Work to be completed
Quote exactly the lines from the one with "Empat minggu penuh" to the end of the data, both included; omit the pictures.

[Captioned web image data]

* * * *

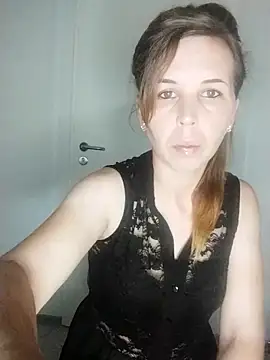 Snapshot of loveis007 chatting on September 12, 2025, 9:48 pm loveis007 online show from September 12, 2025, 9:48 pm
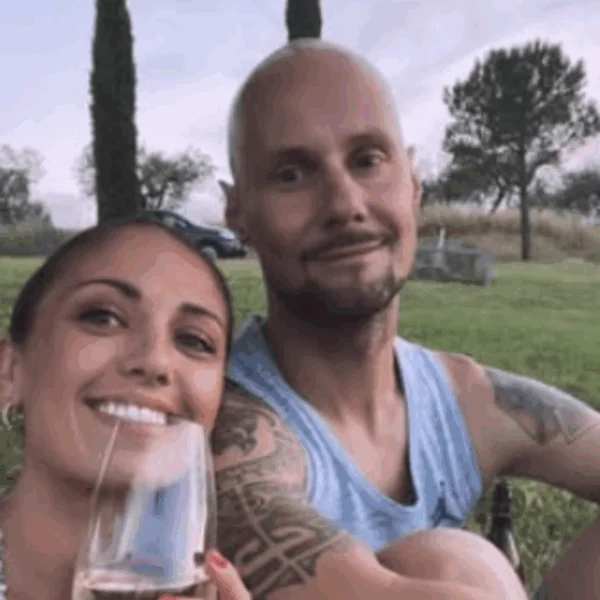 Tom Boonen en Wiebeke delen prachtige babykiekjes: ‘Wat een schatje!’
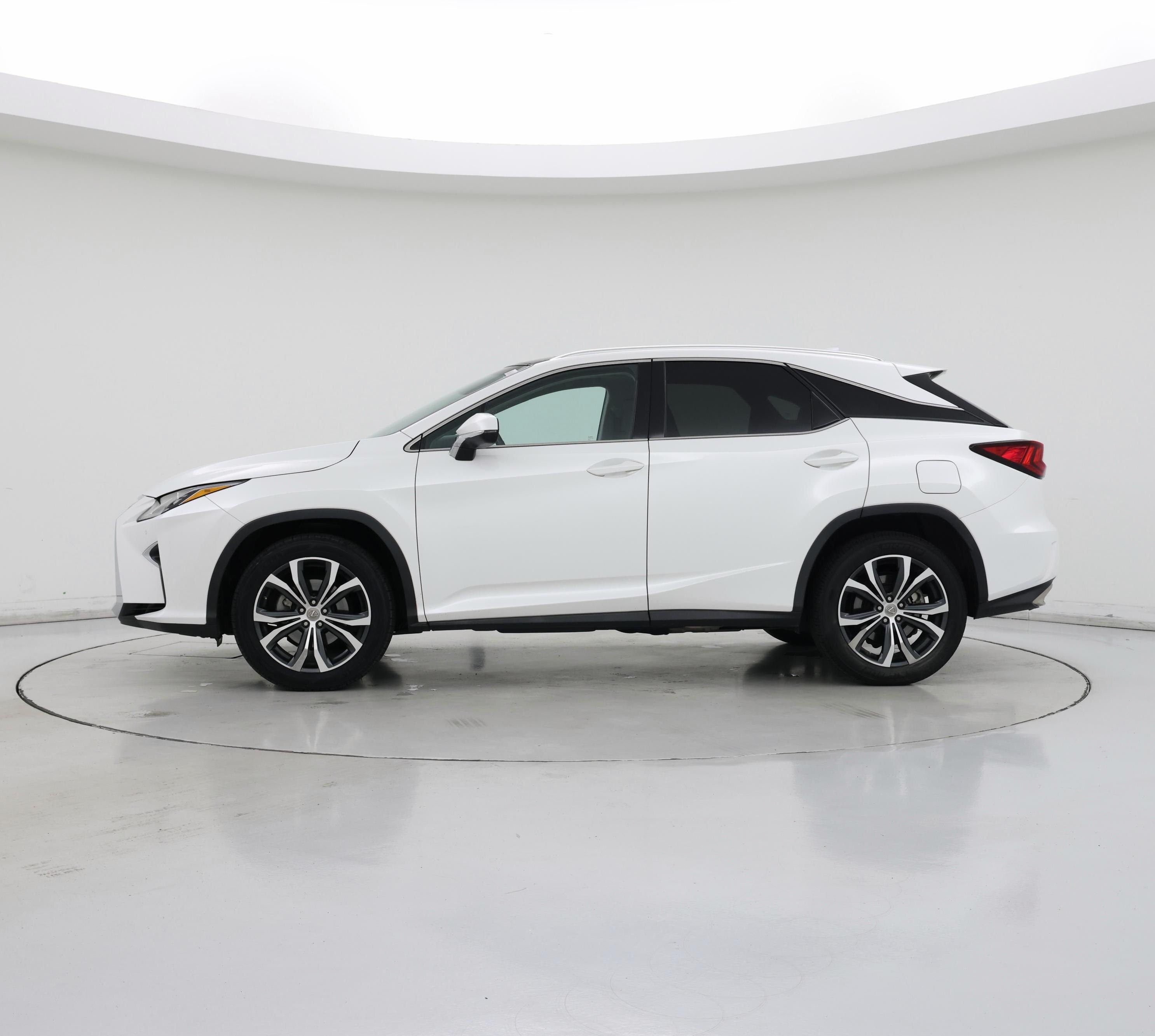 Thumbnail: 2016 Lexus RX - 3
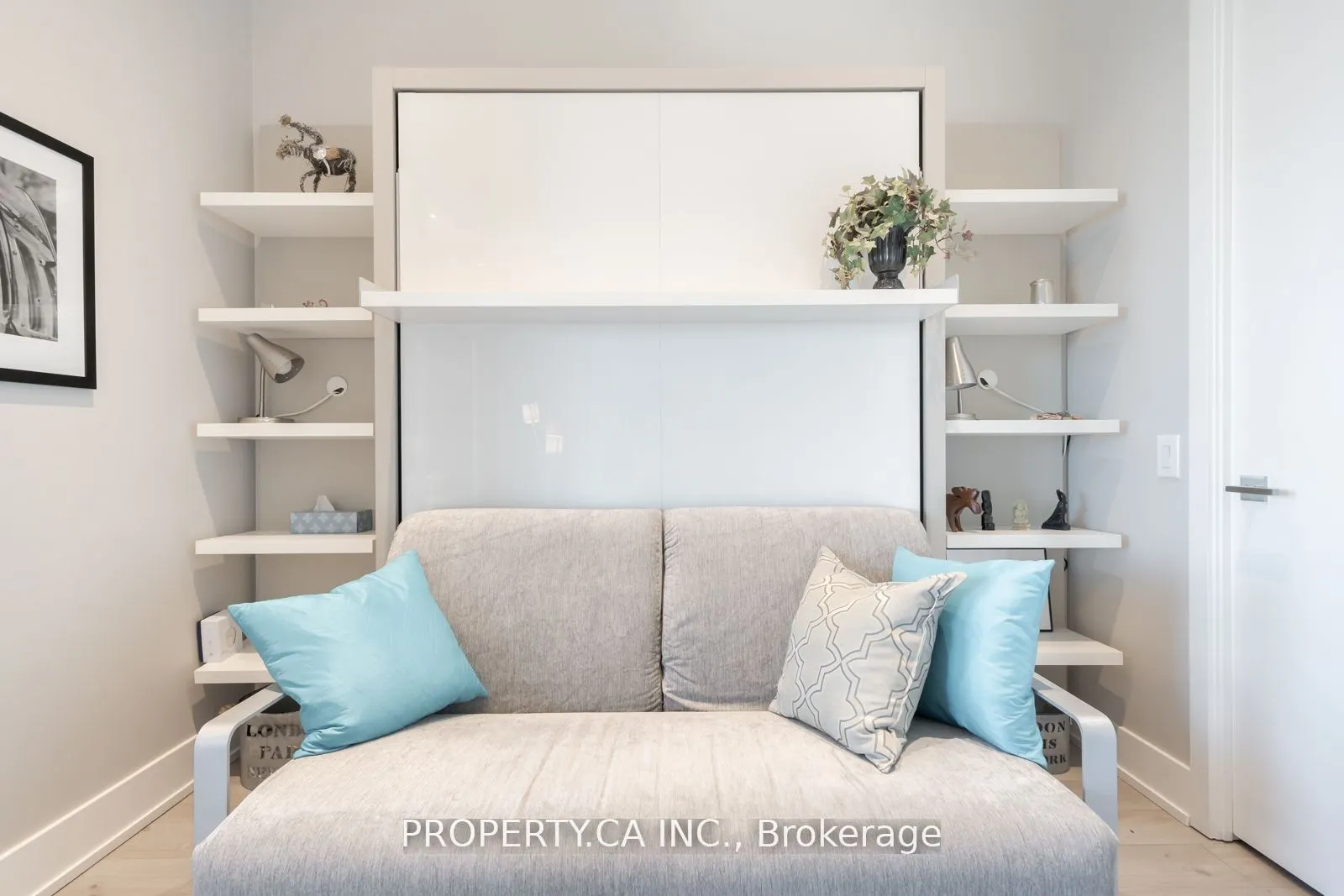 111 St Clair Avenue W, #1728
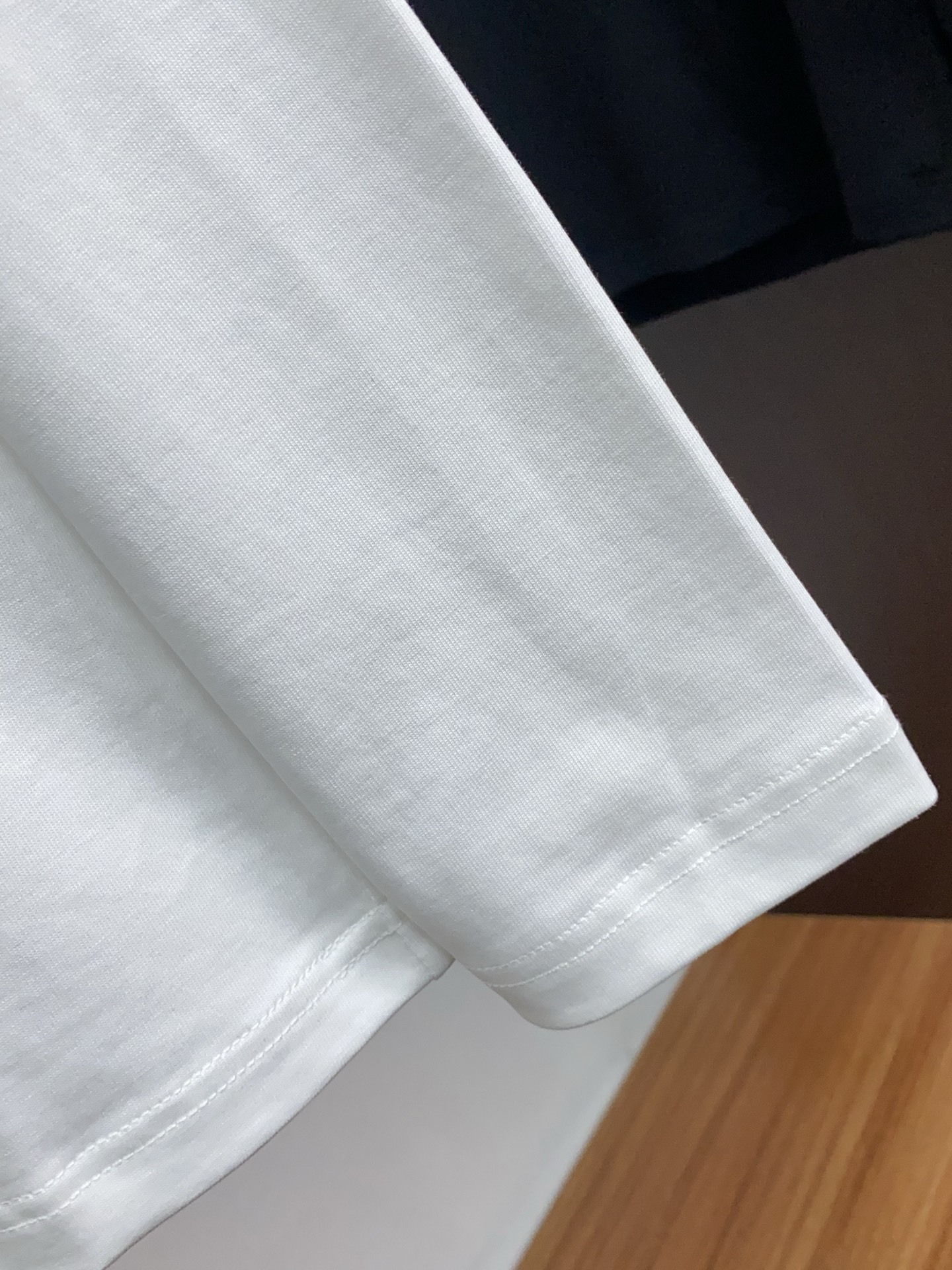 lP🆕 诺悠翩雅 新品2025AW秋冬新品,男士胸前经典 基础款圆领长袖T恤打底衫!贸易公司渠道稀出,同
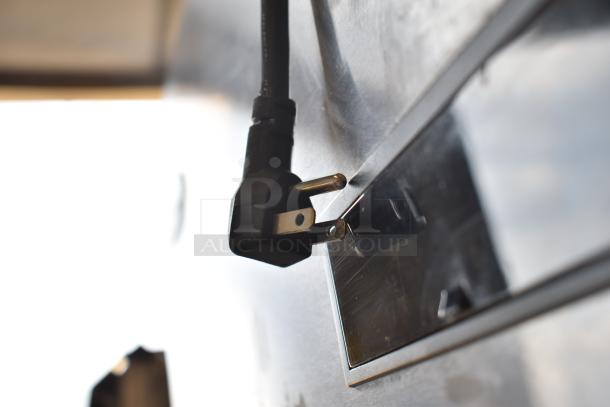 Power plug of Atosa Commercial 2 Half Size Reach In Cooler, designed for 115 volts, 1 phase connection.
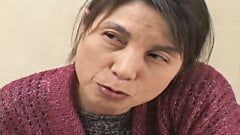 Japonská stará lesbička 02.wmv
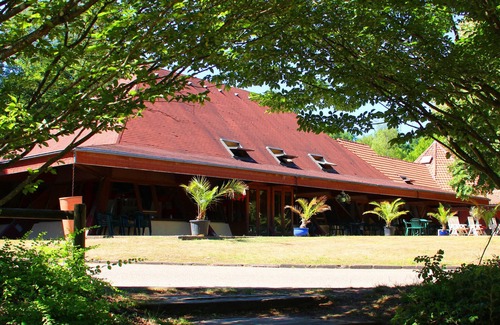 Bitche House | Cottage in Bitche with Heated Pool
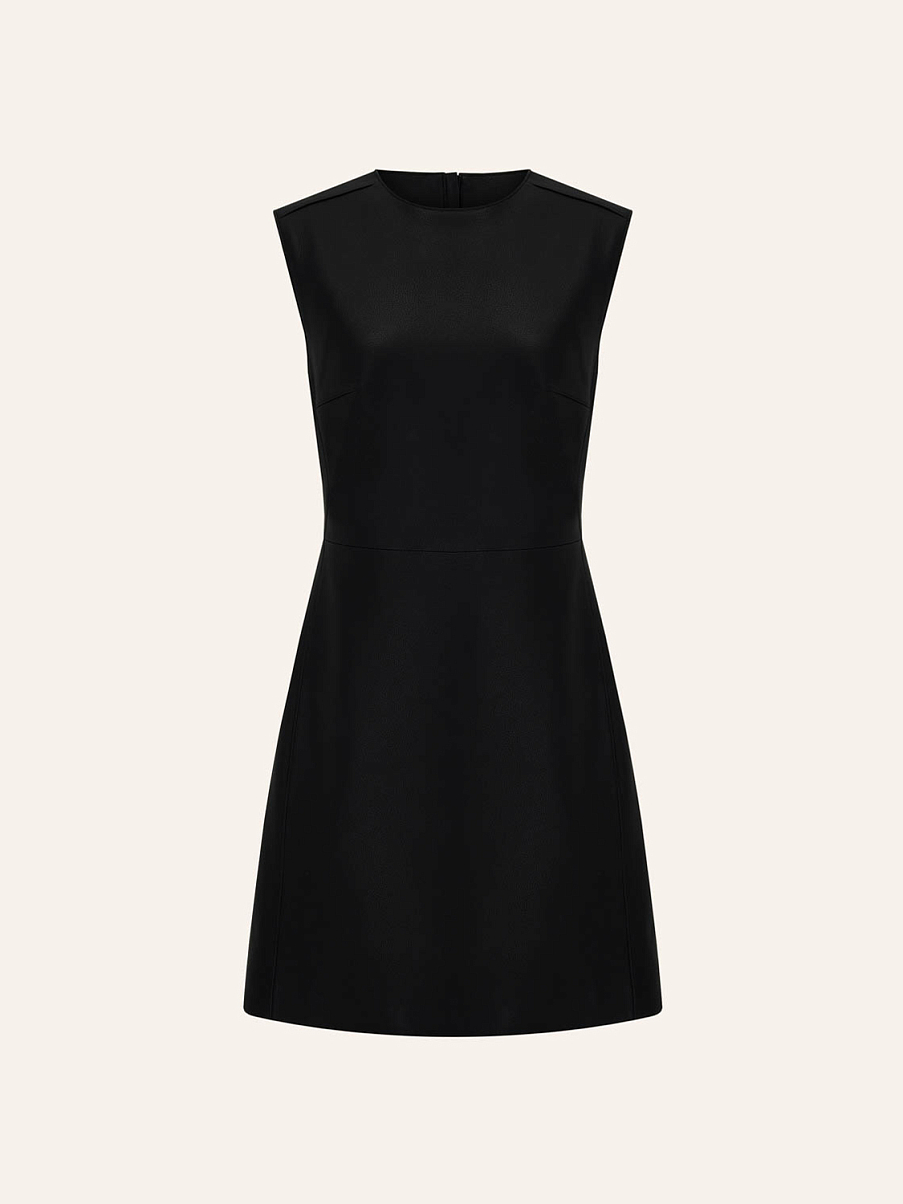 Платье-футляр из натуральной кожи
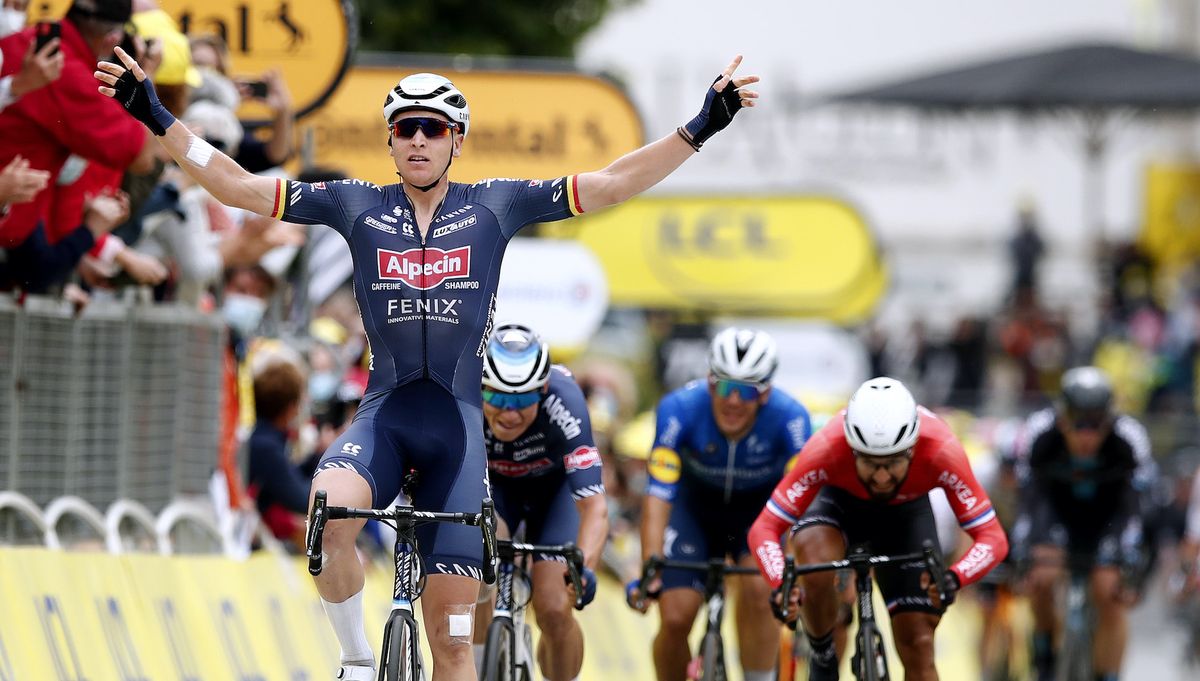 Tim Merlier dominates crash-blighted stage three of Tour de France 2021 ...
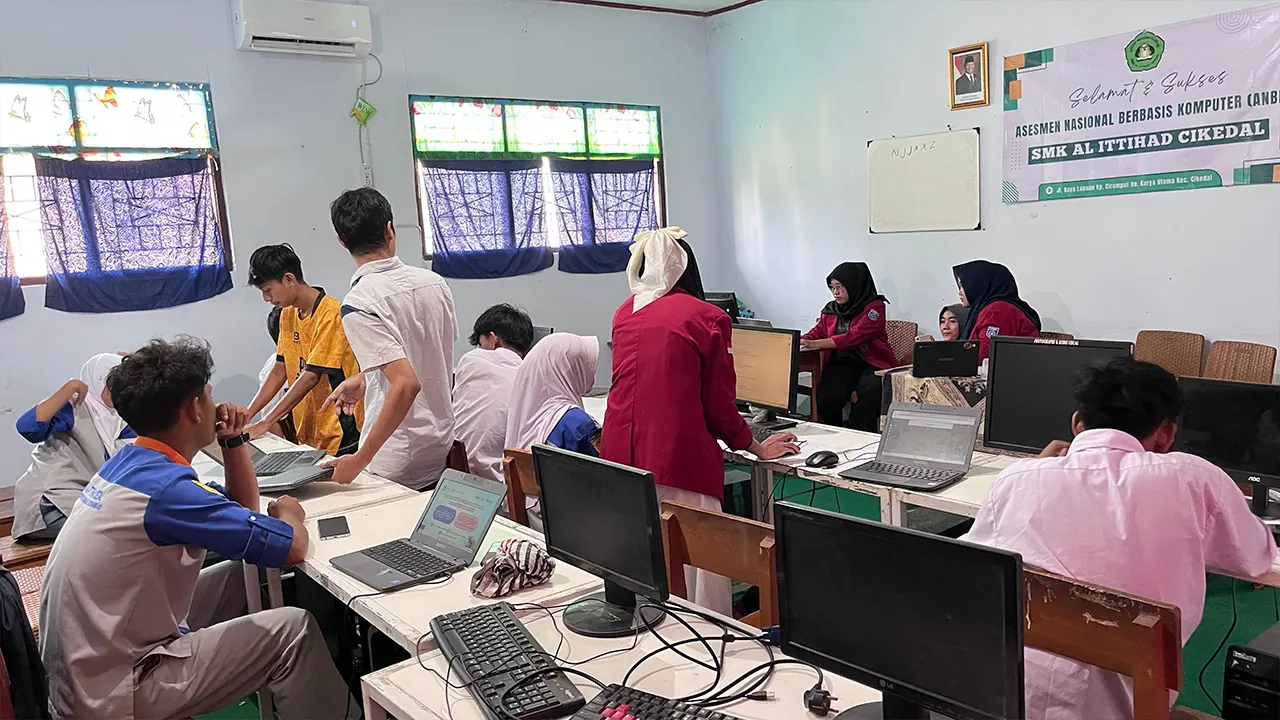 Empat minggu penuh semangat dan ilmu, Mahasiswa KKM UNIBA Kelompok 31 berbagi pengetahuan seputar website dan pemrograman dasar. (doc. KKM 31 UNIBA)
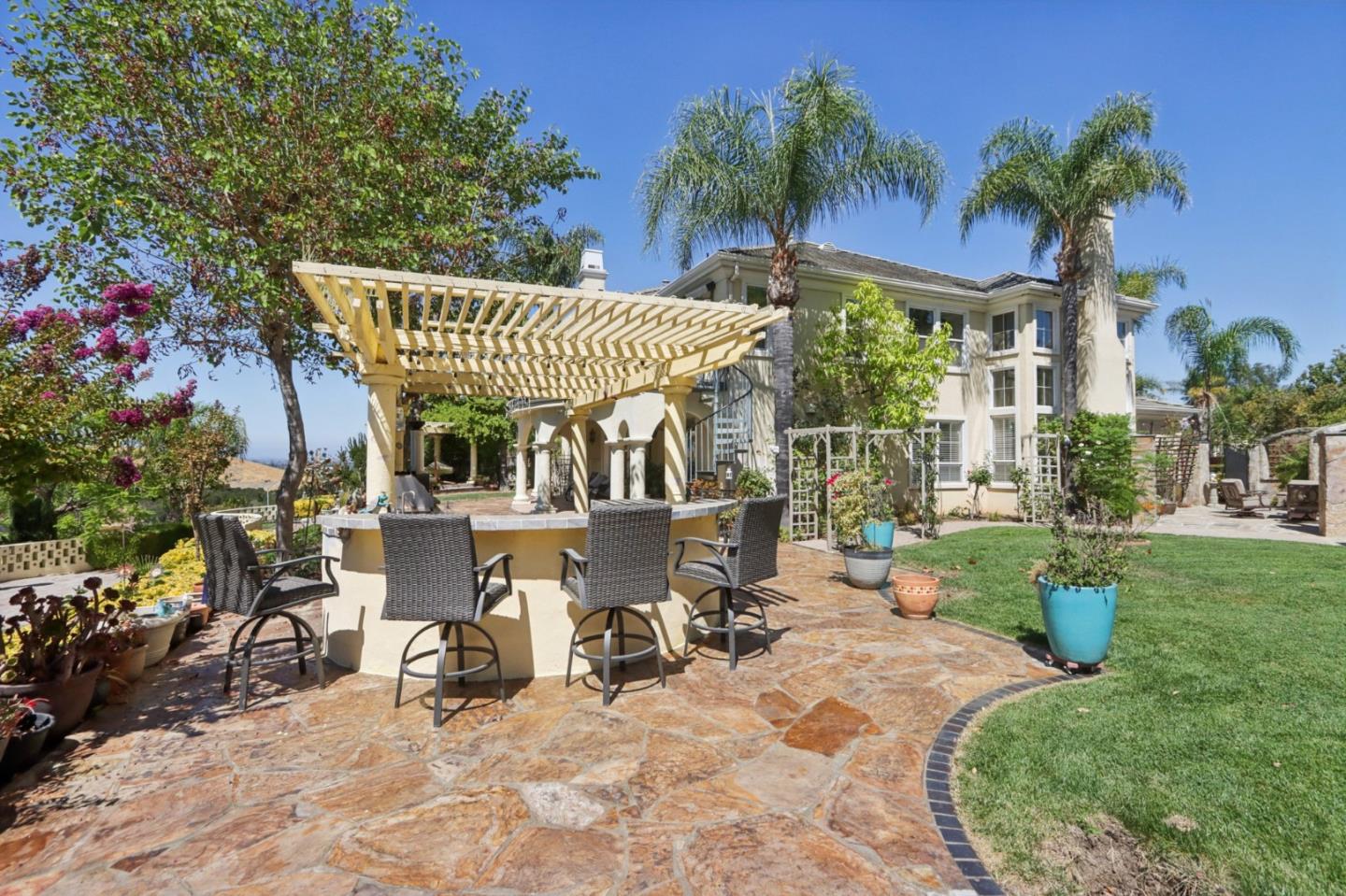 2180 Bellington Court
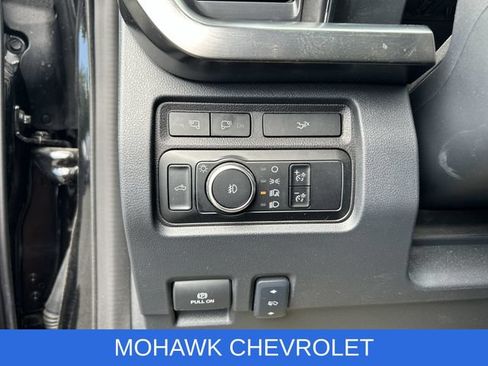 Used 2024 Ford F250 Lariat w/ Chrome Package AWD/4WD image 35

* * * *

Problem solution
 Empat minggu penuh semangat dan ilmu, Mahasiswa KKM UNIBA Kelompok 31 berbagi pengetahuan seputar website dan pemrograman dasar. (doc. KKM 31 UNIBA)
 2180 Bellington Court
 Used 2024 Ford F250 Lariat w/ Chrome Package AWD/4WD image 35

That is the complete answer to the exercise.